[Opening The records section]

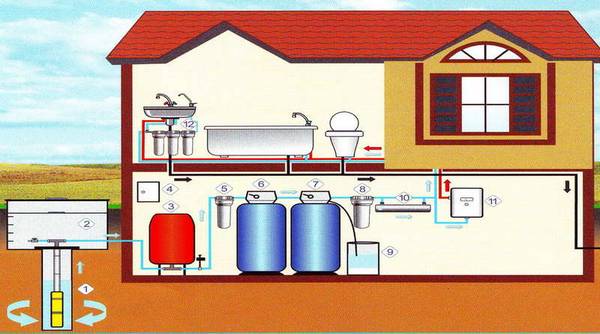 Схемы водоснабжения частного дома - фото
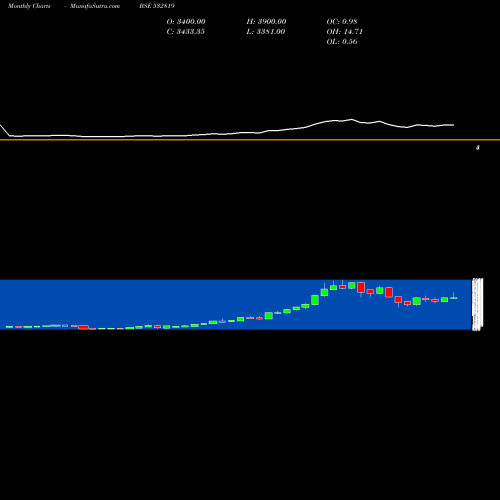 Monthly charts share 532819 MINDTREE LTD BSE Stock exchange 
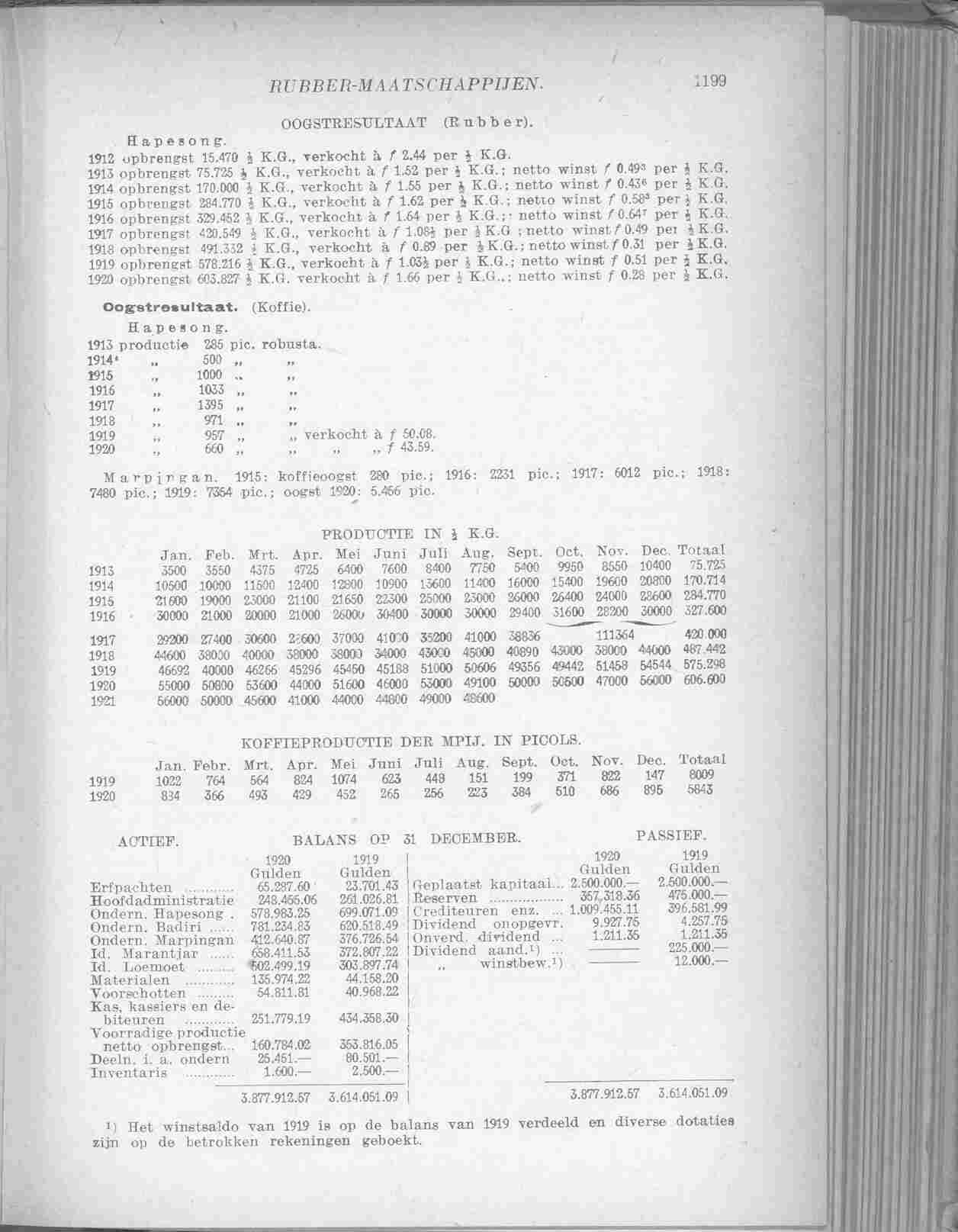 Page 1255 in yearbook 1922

[Closing The records section]
[Opening The records section]

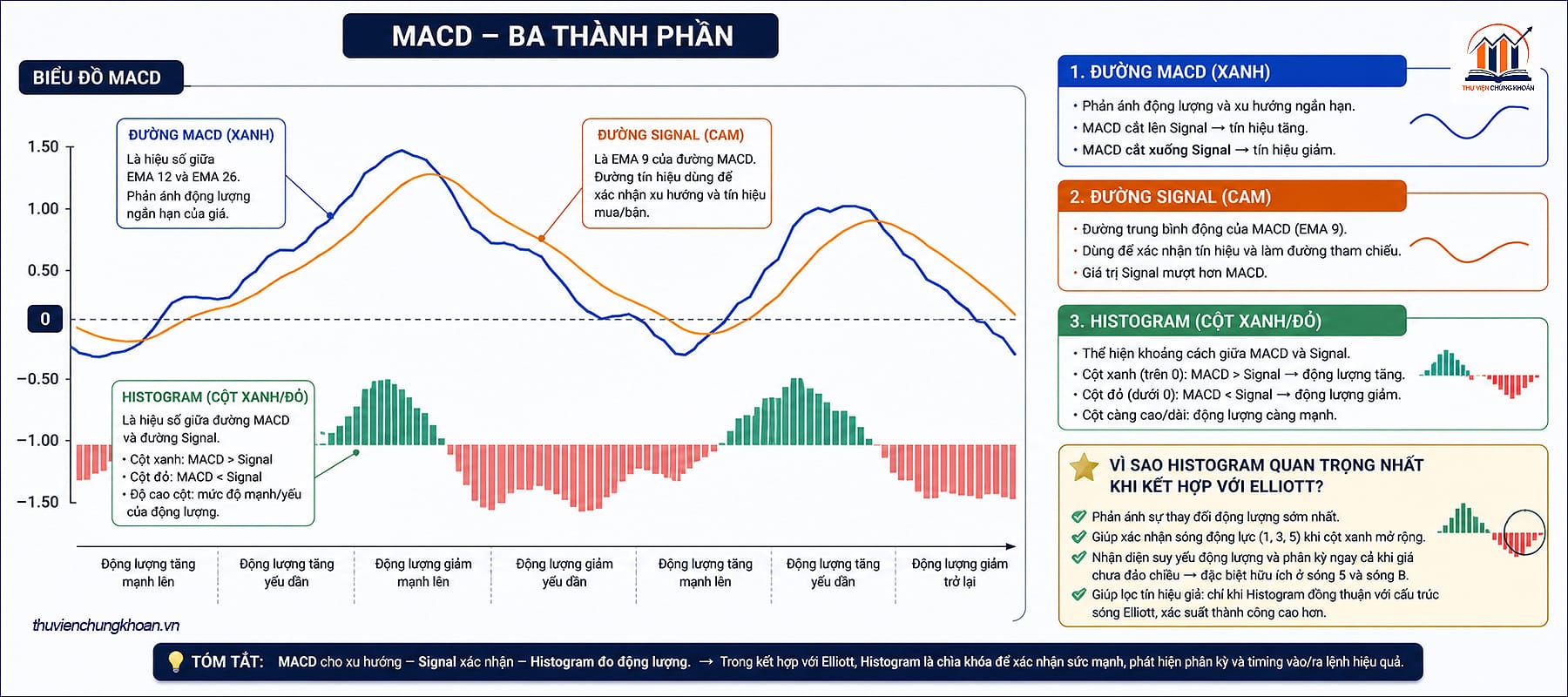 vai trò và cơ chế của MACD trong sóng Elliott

[Closing The records section]

- **Task objective**
Going by the data above, give back only the lines from the one containing "Monthly charts share" through the one containing "Page 1255 in yearbook 1922", exactly as they stand, both ends included and no images.

- **Answer section**
 Monthly charts share 532819 MINDTREE LTD BSE Stock exchange 
 Page 1255 in yearbook 1922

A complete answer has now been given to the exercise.